Developer DJLougen published Harmonic-9B on Hugging Face, a two-stage fine-tune of Qwen3-9B optimized for agentic tasks. Stage 1 (heavy reasoning training) is complete; Stage 2 (tool-calling and agent behavior) is still training. GGUF quantized versions are already available at DJLougen/Harmonic-9B-GGUF. The filtered training dataset — derived from Hermes agent traces — is also open-sourced at DJLougen/hermes-agent-traces-filtered.

Why It Matters

The filtered dataset shows measurable gains over the raw Hermes traces: self-correction examples jumped from 6% to 63%, verification steps from 26% to 96%, and valid JSON/tool-call rate reached 100%. For indie developers building agentic pipelines, these numbers matter more than generic benchmark scores because they directly predict reliability in production loops.
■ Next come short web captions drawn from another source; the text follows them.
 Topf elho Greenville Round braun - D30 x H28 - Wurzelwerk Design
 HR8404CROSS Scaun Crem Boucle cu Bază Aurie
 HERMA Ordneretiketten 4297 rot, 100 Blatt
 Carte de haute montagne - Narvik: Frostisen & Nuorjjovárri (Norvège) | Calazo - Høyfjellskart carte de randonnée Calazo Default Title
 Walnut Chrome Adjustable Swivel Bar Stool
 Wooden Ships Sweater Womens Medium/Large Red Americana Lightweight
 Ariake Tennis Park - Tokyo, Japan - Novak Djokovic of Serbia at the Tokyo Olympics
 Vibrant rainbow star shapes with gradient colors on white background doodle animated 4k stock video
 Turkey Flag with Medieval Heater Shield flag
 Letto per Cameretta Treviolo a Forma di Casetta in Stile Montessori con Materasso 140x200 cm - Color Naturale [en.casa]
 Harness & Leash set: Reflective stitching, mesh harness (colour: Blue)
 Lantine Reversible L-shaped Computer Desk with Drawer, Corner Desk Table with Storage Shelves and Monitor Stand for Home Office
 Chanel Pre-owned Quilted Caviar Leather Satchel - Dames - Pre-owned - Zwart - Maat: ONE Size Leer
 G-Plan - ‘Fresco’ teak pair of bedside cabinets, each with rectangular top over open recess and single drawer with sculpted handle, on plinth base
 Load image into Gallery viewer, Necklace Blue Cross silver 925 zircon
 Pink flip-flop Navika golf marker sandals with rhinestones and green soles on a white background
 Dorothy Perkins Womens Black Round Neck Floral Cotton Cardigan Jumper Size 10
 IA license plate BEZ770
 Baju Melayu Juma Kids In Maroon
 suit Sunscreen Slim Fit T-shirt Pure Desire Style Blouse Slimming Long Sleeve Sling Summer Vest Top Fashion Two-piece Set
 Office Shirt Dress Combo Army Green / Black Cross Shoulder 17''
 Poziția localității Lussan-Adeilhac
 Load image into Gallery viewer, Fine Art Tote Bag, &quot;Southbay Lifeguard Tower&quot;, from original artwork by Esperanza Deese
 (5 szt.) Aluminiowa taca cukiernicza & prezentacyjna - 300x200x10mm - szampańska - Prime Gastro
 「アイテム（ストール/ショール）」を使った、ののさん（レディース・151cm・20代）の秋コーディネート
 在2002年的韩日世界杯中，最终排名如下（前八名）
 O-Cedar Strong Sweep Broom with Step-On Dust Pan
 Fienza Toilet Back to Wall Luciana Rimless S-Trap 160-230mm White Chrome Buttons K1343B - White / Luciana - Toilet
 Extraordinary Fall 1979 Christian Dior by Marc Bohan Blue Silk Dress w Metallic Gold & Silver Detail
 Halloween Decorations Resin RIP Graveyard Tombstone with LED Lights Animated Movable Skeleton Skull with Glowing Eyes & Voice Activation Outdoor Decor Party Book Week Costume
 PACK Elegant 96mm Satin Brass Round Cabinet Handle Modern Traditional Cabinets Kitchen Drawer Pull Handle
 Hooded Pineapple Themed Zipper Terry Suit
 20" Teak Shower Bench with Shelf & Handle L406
  • No formal benchmarks yet — Stage 2 is incomplete, so treat current results as preliminary.
  • The staged fine-tuning approach (reasoning first, tool-use second) is a reproducible methodology others can copy on smaller base models.
  • Compatible with LangGraph, ReAct, and OpenClaw harnesses based on the author's testing notes.

Asia-Pacific Angle

Qwen3-9B is developed by Alibaba's Qwen team and is already widely used by Chinese and Southeast Asian developers due to its strong multilingual performance and permissive license. Harmonic-9B builds directly on this base, meaning teams in the region can fine-tune further for local languages (Thai, Vietnamese, Bahasa, Traditional Chinese) without starting from scratch. The open-sourced filtered dataset is also a practical reference for anyone doing high-signal data curation on Qwen-family models — a common task for teams building vertical agents targeting APAC markets. Developers shipping agentic products in China should note that GGUF quants run locally, avoiding API dependency on overseas providers.

Action Item This Week

Download the hermes-agent-traces-filtered dataset from Hugging Face and audit its self-correction and verification examples. Use the filtering criteria as a template to clean your own agent trace datasets before your next fine-tuning run — the jump from 6% to 63% self-correction rate demonstrates that data quality, not data volume, drives agent reliability.